When speaking on the unanimous approval, Dara Duguay, executive director of Jump$tart, said, “We’re ecstatic about the significant increase in financial education legislation introduced this year. This demonstrates a widespread conviction of the necessity of having personal finance education taught in schools in order to reverse a declining financial literacy rate.”

While it’s important for high schoolers to comprehend financial terminology, the month has never been solely directed toward young Americans.

So...What is it?

Financial Awareness Month is for the betterment of everyone’s economic education. In 2005, Congress stated the month’s goal is to “raise public awareness about the importance of financial education in the United States and the serious consequences that may be associated with a lack of understanding about personal finances.”

The idea behind the month is to promote self-care for all Americans so they can live comfortably and, hopefully someday, reach all their greatest financial goals. However, that will require an ever-improving understanding of your own finances.

Ways to Prepare for the Month

One way to prepare for Financial Awareness Month is to reflect on your situation. Make sure you’re open to learning new things and possible change.

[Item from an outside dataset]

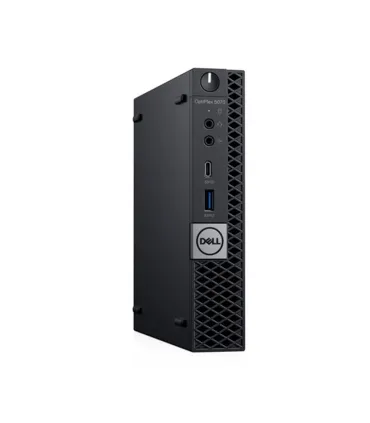 Dell Optiplex 5070 Mini PC Core i5 9400T 1.8 GHz | 8 GB | 256 SSD | WIN 11 PRO | DP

Your research might clash with things you learned in the past or how you’ve always handled your money, but just remember, the economy changes all the time, and new ways of budgeting or saving money arise constantly.

You could also gather all your financial documents, such as your credit report, income statements, or your budget, so they’re readily available when you conduct your research. A lot of articles use examples with nice round numbers in whatever they’re discussing, so being able to easily substitute your numbers is a gamechanger.

And while Atlantic Bay Mortgage Group® specializes in mortgages, we care deeply about the financial health and wellness of our borrowers, the communities we lend in, and beyond. If you ever have questions about setting yourself up for future homeownership, reach out to one of our certified mortgage professionals today.

Financial Awareness Month doesn’t have to end in April. You can continue learning and growing all year. Evolving your financial literacy and comprehension doesn’t have a time limit!